I went to Panera bread for a quick bite between jobs. The entire transaction at the cash register involved me answering a long series of questions. "How can I help you? Do you want bread? Apple? Chips? Which sandwich of the two? What kind of soup? Anything to drink? Do you have the Panera Bread club card? Cash or credit? To stay or to go? What is your name?" When I am feeling silly I fantasize about pretending to not speak English while ordering. Or pretending I'm deaf. I know that ultimately it isn't a big deal but Jesus, can I just have a fucking sandwich?? Why do you need my phone number and name?

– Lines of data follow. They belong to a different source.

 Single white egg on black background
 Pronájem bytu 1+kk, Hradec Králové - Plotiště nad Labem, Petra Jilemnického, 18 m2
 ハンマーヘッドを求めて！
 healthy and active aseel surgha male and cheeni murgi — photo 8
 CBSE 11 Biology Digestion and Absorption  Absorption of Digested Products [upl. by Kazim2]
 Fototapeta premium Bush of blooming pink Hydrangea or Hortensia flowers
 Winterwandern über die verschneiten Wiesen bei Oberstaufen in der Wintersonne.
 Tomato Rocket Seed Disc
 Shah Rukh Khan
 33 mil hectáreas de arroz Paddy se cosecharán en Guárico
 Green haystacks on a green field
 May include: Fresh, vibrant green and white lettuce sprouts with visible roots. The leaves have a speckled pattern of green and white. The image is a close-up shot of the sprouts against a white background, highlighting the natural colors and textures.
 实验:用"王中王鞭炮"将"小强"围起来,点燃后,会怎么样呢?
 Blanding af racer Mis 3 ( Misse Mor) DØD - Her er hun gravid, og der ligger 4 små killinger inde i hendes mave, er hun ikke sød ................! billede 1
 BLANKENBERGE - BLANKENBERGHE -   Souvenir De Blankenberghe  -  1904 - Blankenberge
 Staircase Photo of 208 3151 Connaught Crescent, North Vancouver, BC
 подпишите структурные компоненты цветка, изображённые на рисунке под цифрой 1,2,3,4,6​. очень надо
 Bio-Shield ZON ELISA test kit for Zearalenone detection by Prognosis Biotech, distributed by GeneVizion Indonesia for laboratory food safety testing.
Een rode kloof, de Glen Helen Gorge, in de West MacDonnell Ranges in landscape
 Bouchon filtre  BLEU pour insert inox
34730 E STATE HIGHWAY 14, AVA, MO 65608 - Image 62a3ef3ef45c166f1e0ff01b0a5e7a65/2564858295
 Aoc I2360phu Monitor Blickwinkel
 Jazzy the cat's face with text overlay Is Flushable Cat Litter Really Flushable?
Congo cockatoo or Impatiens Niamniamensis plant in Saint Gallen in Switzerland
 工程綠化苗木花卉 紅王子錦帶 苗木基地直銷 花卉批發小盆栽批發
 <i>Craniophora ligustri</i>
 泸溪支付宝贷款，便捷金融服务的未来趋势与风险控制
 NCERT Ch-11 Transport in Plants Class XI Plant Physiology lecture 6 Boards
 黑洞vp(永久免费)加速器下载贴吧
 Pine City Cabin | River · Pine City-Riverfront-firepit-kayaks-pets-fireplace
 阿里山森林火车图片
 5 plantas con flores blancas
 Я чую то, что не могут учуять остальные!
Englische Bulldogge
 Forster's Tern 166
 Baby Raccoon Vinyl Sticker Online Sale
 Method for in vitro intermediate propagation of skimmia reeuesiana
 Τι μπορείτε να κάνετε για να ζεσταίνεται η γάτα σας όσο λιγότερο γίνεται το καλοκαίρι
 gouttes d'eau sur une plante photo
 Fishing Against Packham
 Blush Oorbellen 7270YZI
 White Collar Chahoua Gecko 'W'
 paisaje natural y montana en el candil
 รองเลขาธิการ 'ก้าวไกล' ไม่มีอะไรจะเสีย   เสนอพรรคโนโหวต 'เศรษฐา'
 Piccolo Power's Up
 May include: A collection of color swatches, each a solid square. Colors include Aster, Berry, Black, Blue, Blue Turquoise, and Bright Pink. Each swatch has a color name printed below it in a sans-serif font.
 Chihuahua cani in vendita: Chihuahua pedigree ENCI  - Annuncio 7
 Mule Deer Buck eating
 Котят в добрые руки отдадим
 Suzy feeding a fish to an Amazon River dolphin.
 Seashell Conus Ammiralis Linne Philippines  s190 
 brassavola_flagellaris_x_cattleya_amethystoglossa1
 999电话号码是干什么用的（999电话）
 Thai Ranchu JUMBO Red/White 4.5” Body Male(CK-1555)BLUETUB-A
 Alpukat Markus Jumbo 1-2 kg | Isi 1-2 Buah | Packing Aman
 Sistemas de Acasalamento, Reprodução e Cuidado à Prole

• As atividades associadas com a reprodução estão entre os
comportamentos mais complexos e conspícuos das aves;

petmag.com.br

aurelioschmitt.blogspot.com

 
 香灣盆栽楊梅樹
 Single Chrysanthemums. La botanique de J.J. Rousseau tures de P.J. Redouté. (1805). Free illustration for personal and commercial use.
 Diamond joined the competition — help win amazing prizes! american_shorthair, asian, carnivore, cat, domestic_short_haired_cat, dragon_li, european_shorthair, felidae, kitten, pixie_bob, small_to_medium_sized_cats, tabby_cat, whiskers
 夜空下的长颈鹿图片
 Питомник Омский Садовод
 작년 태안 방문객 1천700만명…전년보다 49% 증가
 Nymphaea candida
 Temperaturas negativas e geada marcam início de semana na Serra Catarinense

I just answered a reference question that asked if I could find copies of the TWO Jodi Arias movies that recently aired. Like, yesterday, recently. Why the hell would anyone watch even one film of that (the only way I'd watch anything about that woman is if it involved badly acted reenactments...I love those) much less TWO? This woman was chewing moistily the ENTIRE phone conversation. If you desire a reenactment of THAT, simply get a friend or a lover to pack their mouths with a sloppy joe and stand right next to your ear and chew for about five minutes after asking you to look up the DVD release dates of several DVDs. This woman also wanted "that movie with that guy who died from the Sopranos, Jose Gonzalez." Yeah, no. No we don't have that movie.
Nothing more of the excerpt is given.